* Data shown *
—————

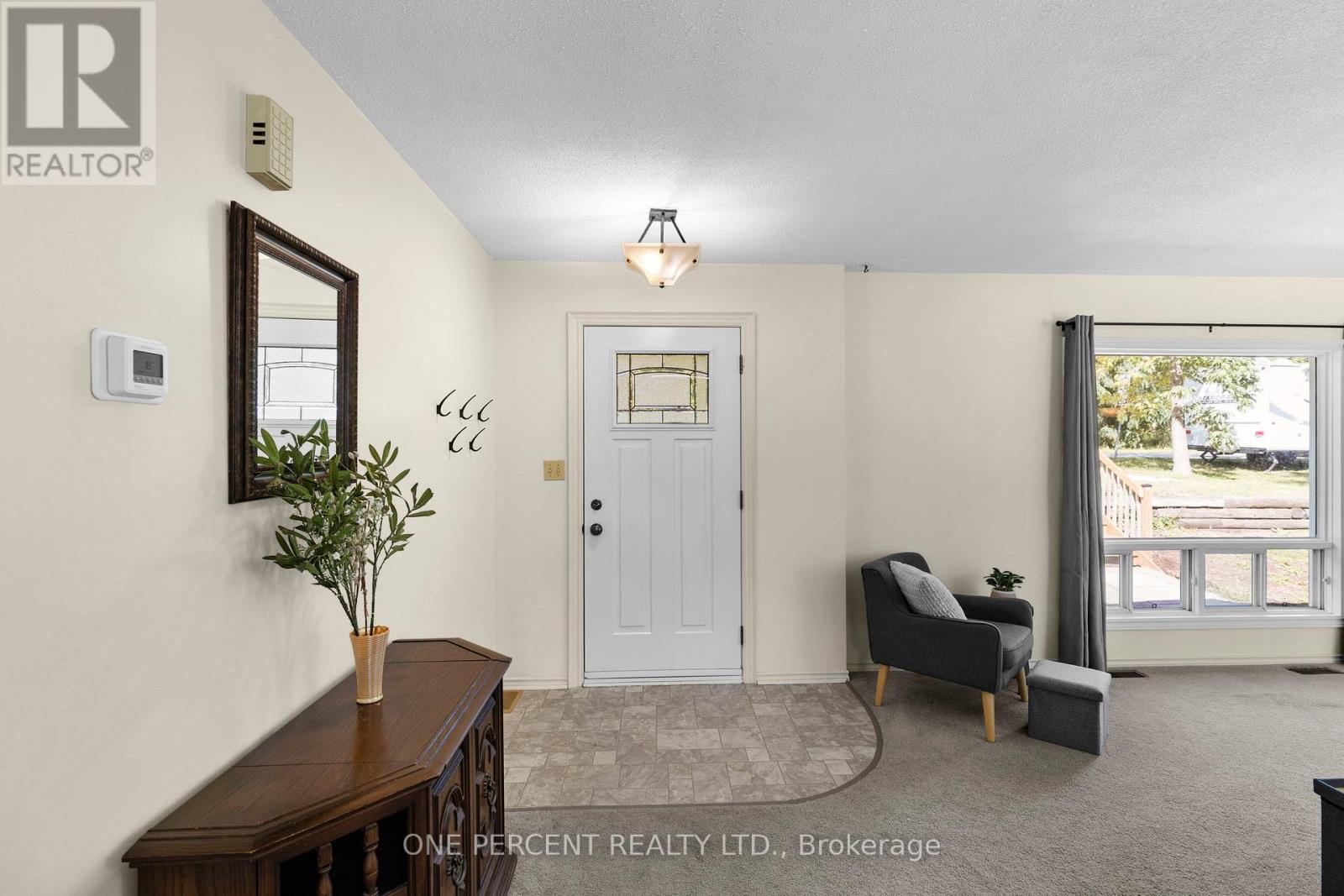 Photo 5 of 4297 Huronia Road, Severn ON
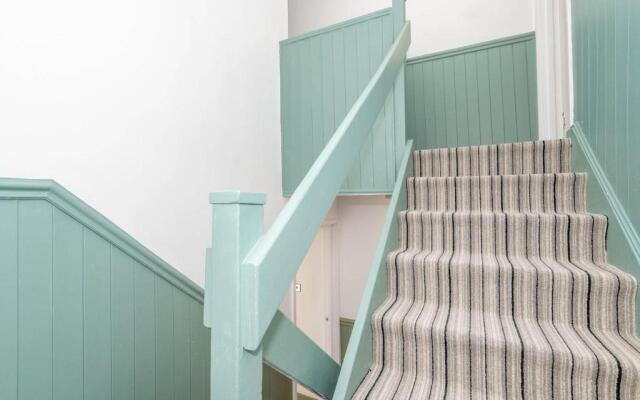 Stylish, modern 3 bedroom townhouse with parking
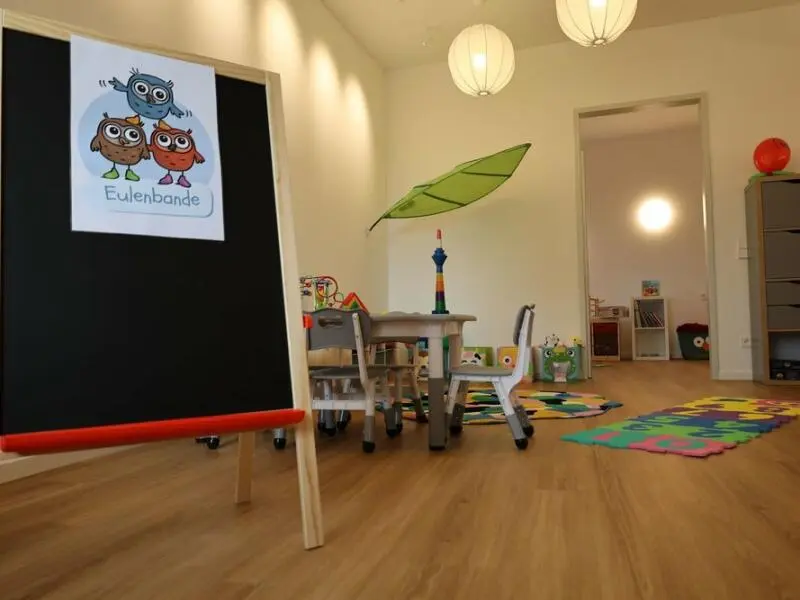 Kinder-Notbetreuung «Eulenbande» startet im Landtag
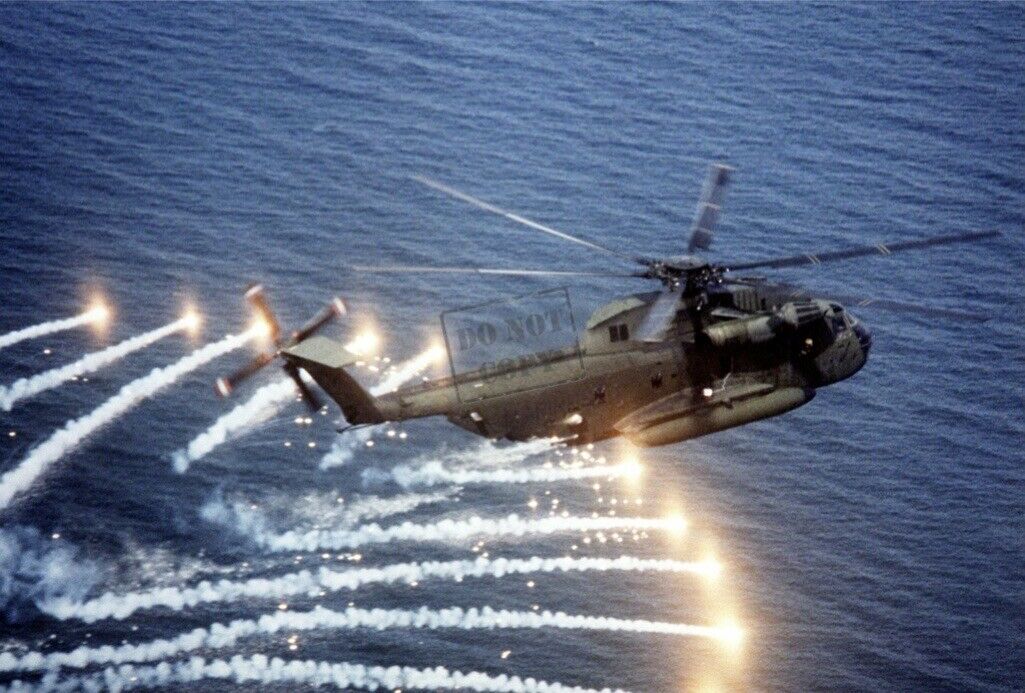 CH-53D Sea Stallion helicopter AN/ALC-39 Countermeasures Dispensing System PHOTO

—————

* What needs to be done *
Quote exactly the lines from the line that contains "Stylish, modern 3" through the last line of the listing, please, leaving out all pictures.

* Task output *
 Stylish, modern 3 bedroom townhouse with parking
 Kinder-Notbetreuung «Eulenbande» startet im Landtag
 CH-53D Sea Stallion helicopter AN/ALC-39 Countermeasures Dispensing System PHOTO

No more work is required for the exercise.